I gingerly stepped over the wide sill, noting that there were already a few scuffs on it from careless drivers. You can bet that if I had a car like this, that would not happen. I thought I had recalled reading somewhere about a power gullwing door closure, but was told to just pull the handle and yank it down myself. I have long arms, but I imagine that it would be a less-graceful maneuver were I a smaller person.
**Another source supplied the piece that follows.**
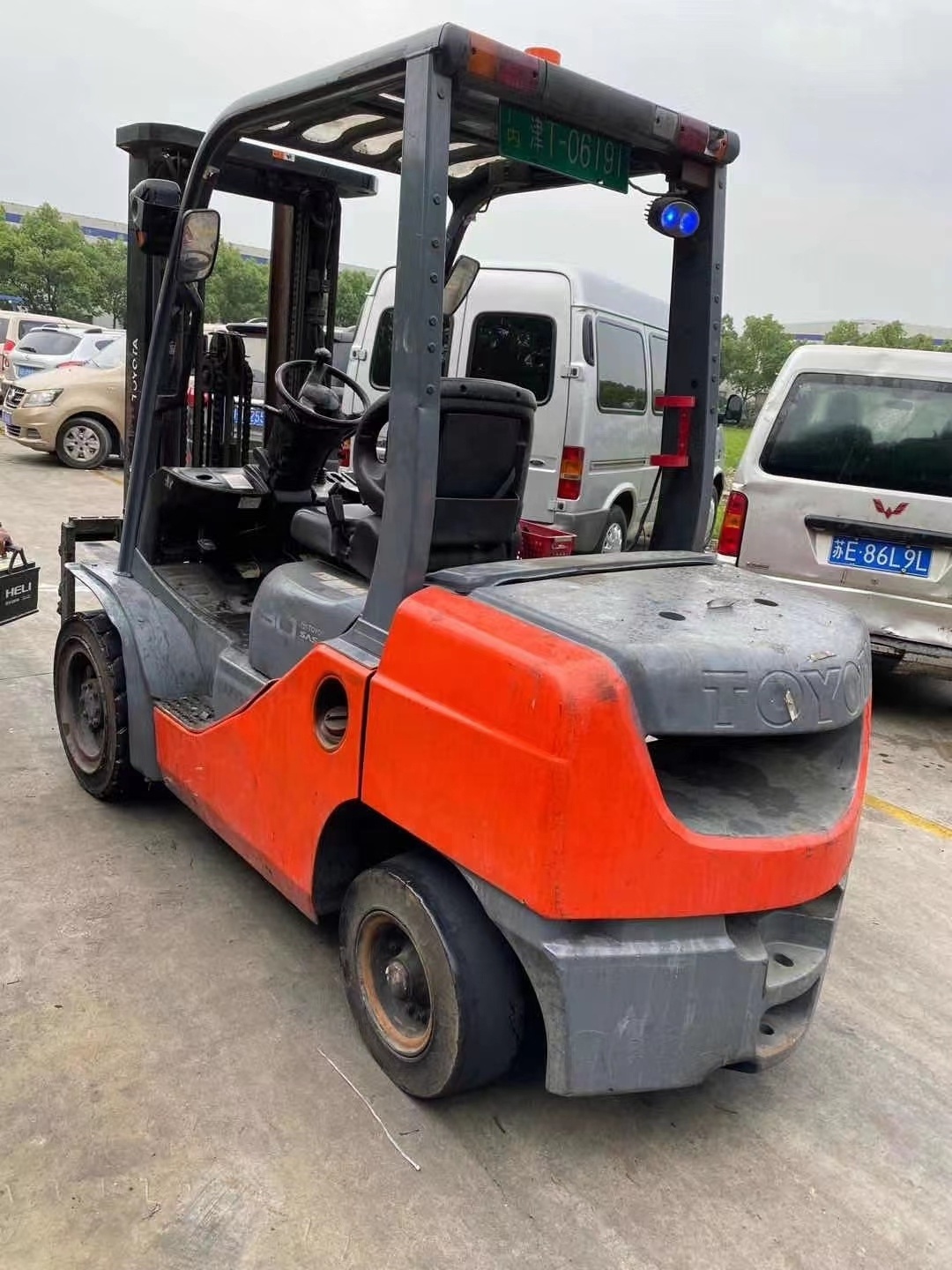 Used forklifts toyota 3 ton diesel used warehouse forklift shanghai yard  used forklift diesel 3tons on sale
Once settled into the driver’s seat, it’s pretty close quarters, particularly in terms of headroom. I had about a half inch of clearance from the top of my noggin (which is 6 feet, 4 inches from the ground when I’m standing). There’s not much room behind the seat for tall drivers, either, which means that if I wanted to try my usual trick of reclining the seat to get more headroom, I’d be sacrificing precious legroom. At least the power seats are smart enough to slide the bottom cushions forward when more recline is requested than there is space for. I rode shotgun with a 5’5″ driver earlier in the day, and I could have stuck a briefcase behind his seat. Aside from fairly cramped quarters, the only complaints I have about the cockpit were the flimsy-feeling glovebox lid (perhaps it was magnesium and not the plastic I assumed it was, but it felt like it was going to break in my hand) and the proliferation of buttons, making usage difficult for folks unfamiliar with the car.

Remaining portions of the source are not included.